Re: Sealing The Dome
- To: domesteading at sculptors dot com
- Subject: Re: Sealing The Dome
- From: RoConroy at aol dot com
- Date: Thu, 30 Jul 1998 15:02:12 EDT
In a message dated 98-07-30 12:46:24 EDT, Malcom you quoted:
<< We've had a number of folks use the elastomeric roofing on domes. The
experience has almost universally been that it costs twice as much as a
comp roof and lasts half as long (hardly a ringing endorsement). A
good, professionally installed, comp roof remains the most reliable and
cost efficient system, although it is certainly possible for individuals
to install this well themselves. >>
I have personally roofed at least 6 conventional houses with 3 tab
conventional roofing. It is hard, demanding work in the best of
circumstances. It has much going for it in terms of longevity if properly
done. In most of the roofs that I have done, I have found that the original
roofer had taken shortcuts which resulted in small leaks which caused unseen
damage and caused the roofs to be replaced before their time.

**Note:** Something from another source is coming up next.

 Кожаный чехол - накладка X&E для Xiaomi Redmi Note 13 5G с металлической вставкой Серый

Whether you have a traditional house or a dome, it has to be roofed correctly.
The problem with a dome, is that there are generally more places to mess up
than with a simple type conventional.
As far as overall cost, the elastomeric is cheaper if you do it yourself.

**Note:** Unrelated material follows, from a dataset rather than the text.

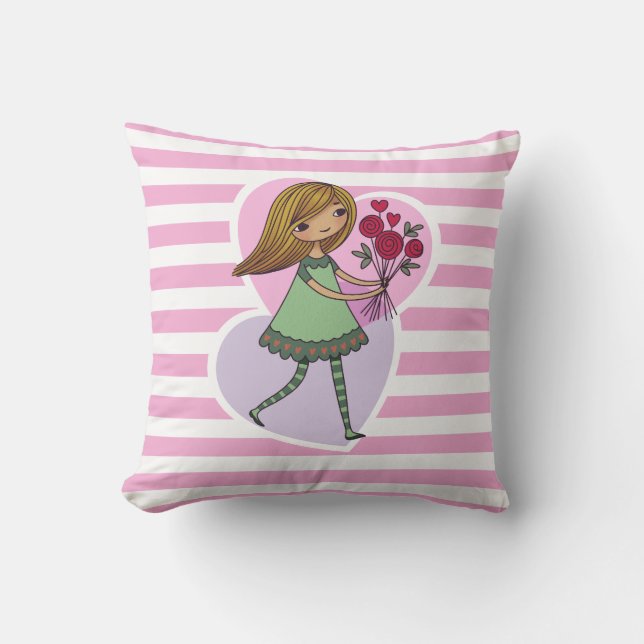 Girl With Flowers Cushion (Front)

You can use a long handle roller to give the whole thing a single coat,
including kneewall, in less than 2 hours. I bought my elastomeric on sale
for $72.00/ 5 gallon bucket. You should be able to buy it full price for less
than $120/ 5 gallon bucket. A 5 gallon bucket should give a 24' dome a single
coat. You will need around 4 coats, depending on how thick you apply it. You
will also need 1 coat of primer. The cost for conventional 3 tab roofing will
run a little less. The difference is that you need someone schooling you in 3
tab roofing or you need to hire someone to do it. If your roofer has been
around the block, he will charge you an arm and a leg to roof your dome with
conventional 3 tab.
I don't recommend elastomeric for a house simply because it has such a
short warrantee. But for a workshop or storage building, simply take 2 hours
and recoat the structure every so many years. My workshop is tinted with a
very very light salmon type coloring. You can change the tint every time you
recoat. I suggest that for the first year that anyone paint their dome white,
because the caulk is white, and you can do any repairs without them showing.